Within the material below, transcribe exactly the lines from the one holding "Источник бесперебойного питания, Eaton, 3S850D, Мощность" through the one holding "Crystorama 4415-CH-SMW-CLM Brentwood", keeping both ends and skipping the rest.

★ ★ ★ ★ ★

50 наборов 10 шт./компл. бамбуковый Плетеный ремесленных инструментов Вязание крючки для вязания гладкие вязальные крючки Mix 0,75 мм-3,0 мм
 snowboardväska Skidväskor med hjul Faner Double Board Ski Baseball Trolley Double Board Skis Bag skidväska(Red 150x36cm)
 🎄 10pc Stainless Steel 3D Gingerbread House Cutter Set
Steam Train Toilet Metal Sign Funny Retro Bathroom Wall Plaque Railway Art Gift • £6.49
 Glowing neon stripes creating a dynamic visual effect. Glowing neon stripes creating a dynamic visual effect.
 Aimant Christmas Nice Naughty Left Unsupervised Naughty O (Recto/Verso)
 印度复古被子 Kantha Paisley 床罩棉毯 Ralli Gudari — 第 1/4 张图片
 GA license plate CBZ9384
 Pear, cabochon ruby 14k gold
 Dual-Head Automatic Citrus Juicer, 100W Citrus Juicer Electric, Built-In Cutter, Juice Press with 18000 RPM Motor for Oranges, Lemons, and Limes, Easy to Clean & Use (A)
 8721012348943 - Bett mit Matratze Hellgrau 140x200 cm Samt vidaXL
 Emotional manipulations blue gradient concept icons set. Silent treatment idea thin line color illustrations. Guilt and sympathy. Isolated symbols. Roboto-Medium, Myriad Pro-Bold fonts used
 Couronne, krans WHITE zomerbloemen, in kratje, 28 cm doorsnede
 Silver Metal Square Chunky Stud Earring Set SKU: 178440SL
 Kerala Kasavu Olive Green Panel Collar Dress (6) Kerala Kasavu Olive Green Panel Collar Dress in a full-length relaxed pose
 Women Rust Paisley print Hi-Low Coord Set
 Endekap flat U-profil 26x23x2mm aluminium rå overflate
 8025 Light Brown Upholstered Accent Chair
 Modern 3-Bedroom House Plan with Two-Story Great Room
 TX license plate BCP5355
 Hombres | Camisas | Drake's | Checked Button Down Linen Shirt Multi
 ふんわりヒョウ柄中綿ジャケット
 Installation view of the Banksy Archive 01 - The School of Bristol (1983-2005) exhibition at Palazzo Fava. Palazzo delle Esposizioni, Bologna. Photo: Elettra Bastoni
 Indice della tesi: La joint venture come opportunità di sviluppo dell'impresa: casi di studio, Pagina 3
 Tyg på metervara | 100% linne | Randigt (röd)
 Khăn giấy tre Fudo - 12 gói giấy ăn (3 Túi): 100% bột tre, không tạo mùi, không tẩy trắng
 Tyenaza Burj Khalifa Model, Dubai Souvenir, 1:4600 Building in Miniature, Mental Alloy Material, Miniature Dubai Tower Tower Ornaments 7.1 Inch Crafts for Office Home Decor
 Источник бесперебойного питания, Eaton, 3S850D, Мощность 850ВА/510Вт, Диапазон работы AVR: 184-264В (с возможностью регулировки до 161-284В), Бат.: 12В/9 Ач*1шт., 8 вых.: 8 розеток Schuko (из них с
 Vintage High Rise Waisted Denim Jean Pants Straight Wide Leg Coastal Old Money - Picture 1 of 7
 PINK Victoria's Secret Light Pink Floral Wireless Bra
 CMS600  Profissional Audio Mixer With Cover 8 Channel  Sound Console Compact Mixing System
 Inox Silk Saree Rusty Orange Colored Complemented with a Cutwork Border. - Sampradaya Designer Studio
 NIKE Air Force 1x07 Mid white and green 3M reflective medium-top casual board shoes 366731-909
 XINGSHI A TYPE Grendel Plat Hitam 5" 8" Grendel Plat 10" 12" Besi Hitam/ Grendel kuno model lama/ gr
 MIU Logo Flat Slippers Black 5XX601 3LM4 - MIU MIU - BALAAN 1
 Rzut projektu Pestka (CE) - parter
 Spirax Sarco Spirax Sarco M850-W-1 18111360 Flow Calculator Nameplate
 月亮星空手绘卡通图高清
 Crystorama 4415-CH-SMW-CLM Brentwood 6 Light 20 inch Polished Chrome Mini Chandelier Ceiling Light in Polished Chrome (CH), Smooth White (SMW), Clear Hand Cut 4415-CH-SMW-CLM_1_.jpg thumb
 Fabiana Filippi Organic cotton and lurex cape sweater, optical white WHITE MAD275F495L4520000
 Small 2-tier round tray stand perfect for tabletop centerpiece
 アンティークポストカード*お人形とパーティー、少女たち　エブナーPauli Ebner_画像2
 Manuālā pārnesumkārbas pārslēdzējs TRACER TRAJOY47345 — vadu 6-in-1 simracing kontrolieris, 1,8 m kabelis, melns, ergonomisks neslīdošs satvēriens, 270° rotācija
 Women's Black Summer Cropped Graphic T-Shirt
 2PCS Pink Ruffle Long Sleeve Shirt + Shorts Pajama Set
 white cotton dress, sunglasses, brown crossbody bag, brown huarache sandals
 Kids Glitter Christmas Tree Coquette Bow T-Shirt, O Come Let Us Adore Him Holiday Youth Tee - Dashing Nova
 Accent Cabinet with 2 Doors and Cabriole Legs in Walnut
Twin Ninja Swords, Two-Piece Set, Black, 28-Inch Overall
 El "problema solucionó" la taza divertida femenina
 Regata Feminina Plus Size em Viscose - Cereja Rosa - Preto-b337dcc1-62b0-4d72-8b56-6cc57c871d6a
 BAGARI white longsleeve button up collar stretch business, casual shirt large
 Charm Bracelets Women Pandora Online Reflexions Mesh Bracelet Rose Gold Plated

★ ★ ★ ★ ★

*Response to the task*
 Источник бесперебойного питания, Eaton, 3S850D, Мощность 850ВА/510Вт, Диапазон работы AVR: 184-264В (с возможностью регулировки до 161-284В), Бат.: 12В/9 Ач*1шт., 8 вых.: 8 розеток Schuko (из них с
 Vintage High Rise Waisted Denim Jean Pants Straight Wide Leg Coastal Old Money - Picture 1 of 7
 PINK Victoria's Secret Light Pink Floral Wireless Bra
 CMS600  Profissional Audio Mixer With Cover 8 Channel  Sound Console Compact Mixing System
 Inox Silk Saree Rusty Orange Colored Complemented with a Cutwork Border. - Sampradaya Designer Studio
 NIKE Air Force 1x07 Mid white and green 3M reflective medium-top casual board shoes 366731-909
 XINGSHI A TYPE Grendel Plat Hitam 5" 8" Grendel Plat 10" 12" Besi Hitam/ Grendel kuno model lama/ gr
 MIU Logo Flat Slippers Black 5XX601 3LM4 - MIU MIU - BALAAN 1
 Rzut projektu Pestka (CE) - parter
 Spirax Sarco Spirax Sarco M850-W-1 18111360 Flow Calculator Nameplate
 月亮星空手绘卡通图高清
 Crystorama 4415-CH-SMW-CLM Brentwood 6 Light 20 inch Polished Chrome Mini Chandelier Ceiling Light in Polished Chrome (CH), Smooth White (SMW), Clear Hand Cut 4415-CH-SMW-CLM_1_.jpg thumb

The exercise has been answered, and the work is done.